Le procès se poursuit, mais les avocats de la mairie ont laissé entendre qu’en l’absence d’un ordre de la Cour, les autorités peuvent détruire les étals des marchands n’opposant pas de résistance. La mairie a déjà lancé un appel d’offres pour désigner le contracteur qui aura la tâche de démolir les structures qui comprennent également le bâtiment de KFC et les aires de stationnement de Rogers & Co Ltd.

Une stèle érigée en mémoire des victimes

Les évènements tragiques survenus le 30 mars 2013 sont à marquer d’une pierre noire pour le pays. Les personnes traumatisées par cet épisode ne sont pas seulement les familles endeuillées ou les survivants miraculés ni ceux qui avaient été spectateurs du désastre, pris eux-mêmes dans la panique et l’impossibilité de comprendre. Tout le pays s’est arrêté ce jour-là et la plupart des  Mauriciens se souviendront forcément de ce qu’ils faisaient ce jour noir fatidique en découvrant les vidéos glaçantes. Pour rendre hommage à leurs êtres disparus, les parents des victimes se sont recueillis, jeudi, au Caudan Waterfront, où une stèle a été érigée en leur mémoire. Le PM, Pravind Jugnauth, et  le lord-maire, Mahfooz Moussa Cadersaib, étaient présents à leurs côtés.

Pour rappel, les corps de Sylvia Wright et de son fils Jeffrey, de Toolsee Ram Ramdhari, de Pravin kumar Khoosye, de Karmish Salagram Tewary et Dhanraj Saligram Tewary ont été repêchés en dehors du tunnel du Caudan. Rabindranath Bhobany et Fan Lan Wong Tat Chong Lai Kim ont été retirés du parking souterrain. Retnon Sithanen, qui était tombé accidentellement dans le Ruisseau du Pouce, a été retrouvé sans vie au Jardin de la Compagnie, et Stevenson Henriette avait atterri dans des débris entassés près de KFC, à La Chaussée. Les circonstances de la mort d’Henriette n’ont pu être élucidées, mais il est permis de croire qu’il a pu être surpris par les torrents.

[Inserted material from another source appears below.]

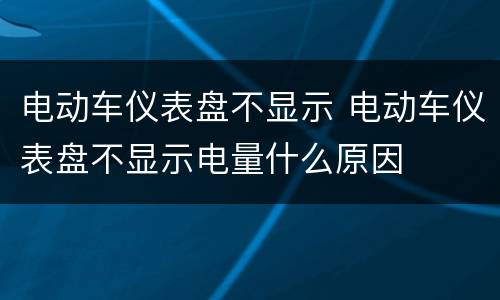 电动车仪表盘不显示 电动车仪表盘不显示电量什么原因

Le rapport (1979) ignoré par les autorités

Le témoignage de l’historien et archiviste Georges Lewis Easton, qui avait été approché par le DPP, a permis de porter un éclairage sur les circonstances ayant mené à des risques d’inondation dans la capitale. L’historien avait puisé dans des textes historiques d’écrivains, à l’instar d’Auguste Toussaint, afin d’aboutir à un rapport détaillé sur les inondations ayant précédemment affecté l’île et les causes de ces montées drastiques d’eau. Il a produit un rapport, datant de 1979, interdisant formellement de construire des bâtiments près du Jardin de la Compagnie jusqu’au Champ de Mars afin d’éviter des risques d’inondation.

Georges Lewis Easton avait évoqué les débuts de la colonisation française dans l’île lorsque le Jardin de la Compagnie et les ruisseaux du Pouce avaient été construits. Il en découle que le Jardin de la Compagnie était à l’époque un terrain marécageux impraticable et que la communication entre les différentes régions de la capitale était difficile. Le 1er juillet 1979, la construction de la rue La Chaussée, reliant la Government House au Ward 4, avait commencé en proposant de concentrer les eaux émanant des ruisseaux du Pouce derrière l’actuelle rue La Poudrière pour qu’il puisse se répandre vers les rivages aux côtes des Salines. Des aménagements fustigés par Georges Lewis Easton : « On a fait des choses contre nature et on n’a pas observé cette notion d’équilibre nature-urbanisation. Si vous construisez de droite à gauche, vous obstruerez le passage naturel. Un rapport datant de 1979 avait formellement interdit ces aménagements, mais les autorités n’ont fait qu’à leur tête. »

Ce témoignage a donc valu son pesant d’or dans la décision de la Senior Magistrate d’ordonner, outre les structures recouvrant le Ruisseau du Pouce, la destruction du bâtiment abritant KFC, aménagé sur  un drain qui, à en croire le rapport de la magistrate, demeure un gros obstacle à l’écoulement de l’eau.